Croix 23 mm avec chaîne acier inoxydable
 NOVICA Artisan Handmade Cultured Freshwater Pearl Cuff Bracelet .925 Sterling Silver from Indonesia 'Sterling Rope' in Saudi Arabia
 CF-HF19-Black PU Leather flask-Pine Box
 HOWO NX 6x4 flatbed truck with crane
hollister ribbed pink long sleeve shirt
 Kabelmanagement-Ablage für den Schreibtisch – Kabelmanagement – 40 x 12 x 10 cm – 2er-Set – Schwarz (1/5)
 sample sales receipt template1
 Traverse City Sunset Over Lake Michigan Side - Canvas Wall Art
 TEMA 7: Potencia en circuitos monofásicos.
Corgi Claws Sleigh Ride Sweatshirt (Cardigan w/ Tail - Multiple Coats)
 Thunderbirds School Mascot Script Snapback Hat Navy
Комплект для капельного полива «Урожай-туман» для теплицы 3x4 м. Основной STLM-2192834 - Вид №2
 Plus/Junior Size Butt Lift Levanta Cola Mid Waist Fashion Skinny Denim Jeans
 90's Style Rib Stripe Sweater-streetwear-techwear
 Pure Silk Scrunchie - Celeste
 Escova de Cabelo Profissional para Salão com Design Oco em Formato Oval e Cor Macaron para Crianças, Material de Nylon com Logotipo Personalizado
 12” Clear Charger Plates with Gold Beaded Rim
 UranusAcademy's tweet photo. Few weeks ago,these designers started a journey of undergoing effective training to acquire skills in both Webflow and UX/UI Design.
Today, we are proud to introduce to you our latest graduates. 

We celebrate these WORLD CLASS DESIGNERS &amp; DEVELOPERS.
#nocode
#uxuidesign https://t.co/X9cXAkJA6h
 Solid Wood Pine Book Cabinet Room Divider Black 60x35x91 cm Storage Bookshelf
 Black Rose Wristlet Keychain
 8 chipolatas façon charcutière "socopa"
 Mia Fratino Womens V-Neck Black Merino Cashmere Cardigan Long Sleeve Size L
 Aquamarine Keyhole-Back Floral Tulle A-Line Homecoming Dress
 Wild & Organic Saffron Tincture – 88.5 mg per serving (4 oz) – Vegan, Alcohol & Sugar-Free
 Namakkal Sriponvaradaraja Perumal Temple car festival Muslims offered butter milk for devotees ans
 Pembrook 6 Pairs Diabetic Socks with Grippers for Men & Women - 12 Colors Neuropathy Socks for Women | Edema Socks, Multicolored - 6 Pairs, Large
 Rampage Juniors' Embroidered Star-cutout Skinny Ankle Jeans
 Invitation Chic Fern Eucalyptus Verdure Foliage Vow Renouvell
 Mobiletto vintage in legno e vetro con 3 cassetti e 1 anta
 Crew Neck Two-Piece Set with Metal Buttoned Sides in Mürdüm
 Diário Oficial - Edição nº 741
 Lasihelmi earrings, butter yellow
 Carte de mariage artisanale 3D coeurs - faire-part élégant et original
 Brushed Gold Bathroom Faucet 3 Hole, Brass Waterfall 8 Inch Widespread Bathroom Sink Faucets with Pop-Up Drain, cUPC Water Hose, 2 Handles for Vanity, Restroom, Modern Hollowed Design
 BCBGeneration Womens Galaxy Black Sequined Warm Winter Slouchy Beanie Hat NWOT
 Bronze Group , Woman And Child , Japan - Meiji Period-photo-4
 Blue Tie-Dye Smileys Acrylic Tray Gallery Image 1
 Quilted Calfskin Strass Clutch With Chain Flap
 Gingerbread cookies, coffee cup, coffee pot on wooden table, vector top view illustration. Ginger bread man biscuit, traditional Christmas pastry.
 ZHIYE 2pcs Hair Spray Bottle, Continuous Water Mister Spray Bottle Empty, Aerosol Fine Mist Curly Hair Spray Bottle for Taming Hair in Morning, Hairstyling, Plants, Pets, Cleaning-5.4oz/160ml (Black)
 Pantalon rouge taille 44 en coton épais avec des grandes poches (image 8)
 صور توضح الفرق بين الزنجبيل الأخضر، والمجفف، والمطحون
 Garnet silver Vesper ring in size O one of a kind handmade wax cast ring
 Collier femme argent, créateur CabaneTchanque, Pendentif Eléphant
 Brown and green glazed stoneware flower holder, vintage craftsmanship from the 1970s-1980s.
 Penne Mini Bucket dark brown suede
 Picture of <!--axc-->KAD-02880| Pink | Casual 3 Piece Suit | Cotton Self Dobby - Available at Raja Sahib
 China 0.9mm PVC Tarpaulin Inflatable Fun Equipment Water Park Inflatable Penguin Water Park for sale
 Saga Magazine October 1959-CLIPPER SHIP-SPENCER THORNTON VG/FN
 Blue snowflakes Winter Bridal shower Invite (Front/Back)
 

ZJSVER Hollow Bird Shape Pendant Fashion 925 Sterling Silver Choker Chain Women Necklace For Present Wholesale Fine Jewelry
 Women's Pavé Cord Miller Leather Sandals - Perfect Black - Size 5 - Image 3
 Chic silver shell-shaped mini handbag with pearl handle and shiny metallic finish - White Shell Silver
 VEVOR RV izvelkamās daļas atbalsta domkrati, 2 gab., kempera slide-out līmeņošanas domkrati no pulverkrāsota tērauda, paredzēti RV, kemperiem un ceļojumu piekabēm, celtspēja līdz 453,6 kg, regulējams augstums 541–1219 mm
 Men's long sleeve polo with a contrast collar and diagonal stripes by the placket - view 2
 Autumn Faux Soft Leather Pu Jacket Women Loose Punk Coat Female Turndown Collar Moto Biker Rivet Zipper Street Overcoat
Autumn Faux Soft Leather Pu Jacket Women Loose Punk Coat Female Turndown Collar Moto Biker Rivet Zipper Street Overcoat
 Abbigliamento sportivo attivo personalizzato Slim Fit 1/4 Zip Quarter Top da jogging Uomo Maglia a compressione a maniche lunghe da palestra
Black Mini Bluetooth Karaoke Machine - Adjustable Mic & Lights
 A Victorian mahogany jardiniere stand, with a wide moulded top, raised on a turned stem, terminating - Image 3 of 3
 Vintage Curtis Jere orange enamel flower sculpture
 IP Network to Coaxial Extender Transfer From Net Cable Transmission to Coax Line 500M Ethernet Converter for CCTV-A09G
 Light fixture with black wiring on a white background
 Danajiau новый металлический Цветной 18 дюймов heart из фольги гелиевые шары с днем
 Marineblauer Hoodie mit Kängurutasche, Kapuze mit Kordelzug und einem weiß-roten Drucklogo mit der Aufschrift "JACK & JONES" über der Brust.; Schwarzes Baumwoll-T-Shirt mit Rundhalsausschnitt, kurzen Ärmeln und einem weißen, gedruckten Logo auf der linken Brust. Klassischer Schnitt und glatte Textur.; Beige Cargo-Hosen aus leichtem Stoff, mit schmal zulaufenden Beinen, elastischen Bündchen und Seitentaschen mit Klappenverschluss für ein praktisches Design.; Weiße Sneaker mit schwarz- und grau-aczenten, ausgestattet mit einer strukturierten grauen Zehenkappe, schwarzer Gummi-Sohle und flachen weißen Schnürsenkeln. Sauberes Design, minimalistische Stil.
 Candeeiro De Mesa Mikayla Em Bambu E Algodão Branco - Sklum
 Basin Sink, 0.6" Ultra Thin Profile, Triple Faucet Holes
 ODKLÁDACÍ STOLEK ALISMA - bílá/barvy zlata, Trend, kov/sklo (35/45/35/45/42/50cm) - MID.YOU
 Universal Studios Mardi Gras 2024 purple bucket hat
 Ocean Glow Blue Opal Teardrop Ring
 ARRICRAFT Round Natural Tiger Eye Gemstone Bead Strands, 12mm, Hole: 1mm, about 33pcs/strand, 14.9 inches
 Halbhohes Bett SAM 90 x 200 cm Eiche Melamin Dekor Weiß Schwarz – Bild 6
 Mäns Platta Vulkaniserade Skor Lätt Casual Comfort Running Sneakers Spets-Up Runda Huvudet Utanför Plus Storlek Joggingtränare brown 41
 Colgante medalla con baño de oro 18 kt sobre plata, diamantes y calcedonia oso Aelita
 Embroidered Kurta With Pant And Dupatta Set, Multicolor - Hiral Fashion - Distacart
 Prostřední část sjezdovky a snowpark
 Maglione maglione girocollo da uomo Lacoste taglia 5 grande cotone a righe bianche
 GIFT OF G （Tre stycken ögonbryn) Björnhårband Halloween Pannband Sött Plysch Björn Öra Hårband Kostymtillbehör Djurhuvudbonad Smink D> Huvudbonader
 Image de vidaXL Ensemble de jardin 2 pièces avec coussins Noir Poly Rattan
•••••
_Action item_.
Starting with the line above that holds "Rampage Juniors' Embroidered" and stopping with the line that holds "Women's Pavé Cord", reproduce each line exactly, omitting all other lines.

_Answer space_.
 Rampage Juniors' Embroidered Star-cutout Skinny Ankle Jeans
 Invitation Chic Fern Eucalyptus Verdure Foliage Vow Renouvell
 Mobiletto vintage in legno e vetro con 3 cassetti e 1 anta
 Crew Neck Two-Piece Set with Metal Buttoned Sides in Mürdüm
 Diário Oficial - Edição nº 741
 Lasihelmi earrings, butter yellow
 Carte de mariage artisanale 3D coeurs - faire-part élégant et original
 Brushed Gold Bathroom Faucet 3 Hole, Brass Waterfall 8 Inch Widespread Bathroom Sink Faucets with Pop-Up Drain, cUPC Water Hose, 2 Handles for Vanity, Restroom, Modern Hollowed Design
 BCBGeneration Womens Galaxy Black Sequined Warm Winter Slouchy Beanie Hat NWOT
 Bronze Group , Woman And Child , Japan - Meiji Period-photo-4
 Blue Tie-Dye Smileys Acrylic Tray Gallery Image 1
 Quilted Calfskin Strass Clutch With Chain Flap
 Gingerbread cookies, coffee cup, coffee pot on wooden table, vector top view illustration. Ginger bread man biscuit, traditional Christmas pastry.
 ZHIYE 2pcs Hair Spray Bottle, Continuous Water Mister Spray Bottle Empty, Aerosol Fine Mist Curly Hair Spray Bottle for Taming Hair in Morning, Hairstyling, Plants, Pets, Cleaning-5.4oz/160ml (Black)
 Pantalon rouge taille 44 en coton épais avec des grandes poches (image 8)
 صور توضح الفرق بين الزنجبيل الأخضر، والمجفف، والمطحون
 Garnet silver Vesper ring in size O one of a kind handmade wax cast ring
 Collier femme argent, créateur CabaneTchanque, Pendentif Eléphant
 Brown and green glazed stoneware flower holder, vintage craftsmanship from the 1970s-1980s.
 Penne Mini Bucket dark brown suede
 Picture of <!--axc-->KAD-02880| Pink | Casual 3 Piece Suit | Cotton Self Dobby - Available at Raja Sahib
 China 0.9mm PVC Tarpaulin Inflatable Fun Equipment Water Park Inflatable Penguin Water Park for sale
 Saga Magazine October 1959-CLIPPER SHIP-SPENCER THORNTON VG/FN
 Blue snowflakes Winter Bridal shower Invite (Front/Back)
 

ZJSVER Hollow Bird Shape Pendant Fashion 925 Sterling Silver Choker Chain Women Necklace For Present Wholesale Fine Jewelry
 Women's Pavé Cord Miller Leather Sandals - Perfect Black - Size 5 - Image 3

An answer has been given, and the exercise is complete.